[RECORDS PROVIDED Boundary: Start]

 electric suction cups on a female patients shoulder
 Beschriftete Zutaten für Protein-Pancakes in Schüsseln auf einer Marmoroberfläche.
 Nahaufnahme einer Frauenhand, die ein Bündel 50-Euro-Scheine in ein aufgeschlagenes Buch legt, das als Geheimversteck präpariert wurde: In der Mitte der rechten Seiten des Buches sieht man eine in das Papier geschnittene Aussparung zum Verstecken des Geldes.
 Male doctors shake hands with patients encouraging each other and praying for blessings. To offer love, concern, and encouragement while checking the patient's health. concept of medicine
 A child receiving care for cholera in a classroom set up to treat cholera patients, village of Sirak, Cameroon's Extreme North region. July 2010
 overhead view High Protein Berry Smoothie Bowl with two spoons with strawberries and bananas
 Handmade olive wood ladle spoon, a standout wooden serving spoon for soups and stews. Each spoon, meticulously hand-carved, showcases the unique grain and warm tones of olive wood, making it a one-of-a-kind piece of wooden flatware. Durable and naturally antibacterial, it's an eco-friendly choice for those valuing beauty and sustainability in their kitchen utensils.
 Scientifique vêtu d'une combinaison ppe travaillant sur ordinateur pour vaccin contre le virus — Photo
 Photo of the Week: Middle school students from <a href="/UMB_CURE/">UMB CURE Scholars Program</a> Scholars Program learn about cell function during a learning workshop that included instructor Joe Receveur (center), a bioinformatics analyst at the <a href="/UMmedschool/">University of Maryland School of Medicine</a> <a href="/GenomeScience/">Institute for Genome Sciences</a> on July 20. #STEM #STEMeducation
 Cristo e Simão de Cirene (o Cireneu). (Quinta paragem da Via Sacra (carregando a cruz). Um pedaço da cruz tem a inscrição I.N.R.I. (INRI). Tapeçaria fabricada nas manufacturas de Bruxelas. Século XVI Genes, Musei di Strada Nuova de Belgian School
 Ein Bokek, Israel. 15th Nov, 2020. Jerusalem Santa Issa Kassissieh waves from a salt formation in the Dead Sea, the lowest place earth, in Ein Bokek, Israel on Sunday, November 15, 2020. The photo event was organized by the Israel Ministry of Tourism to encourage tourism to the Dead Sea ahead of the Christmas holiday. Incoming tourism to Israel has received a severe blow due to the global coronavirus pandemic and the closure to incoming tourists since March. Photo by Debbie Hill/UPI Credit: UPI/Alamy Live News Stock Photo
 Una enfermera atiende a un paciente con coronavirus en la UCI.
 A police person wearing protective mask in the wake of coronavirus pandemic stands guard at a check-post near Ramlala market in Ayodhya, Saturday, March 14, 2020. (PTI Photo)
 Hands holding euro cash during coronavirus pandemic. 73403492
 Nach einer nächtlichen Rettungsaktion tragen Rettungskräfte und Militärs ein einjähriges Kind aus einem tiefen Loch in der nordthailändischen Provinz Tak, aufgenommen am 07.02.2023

[RECORDS PROVIDED Boundary: End]

▶ _EXERCISE PROMPT_:
Each line in the entries above that includes the word "with" counts once; state the total and nothing else.

▶ _RESULT FOR THIS EXERCISE_:
2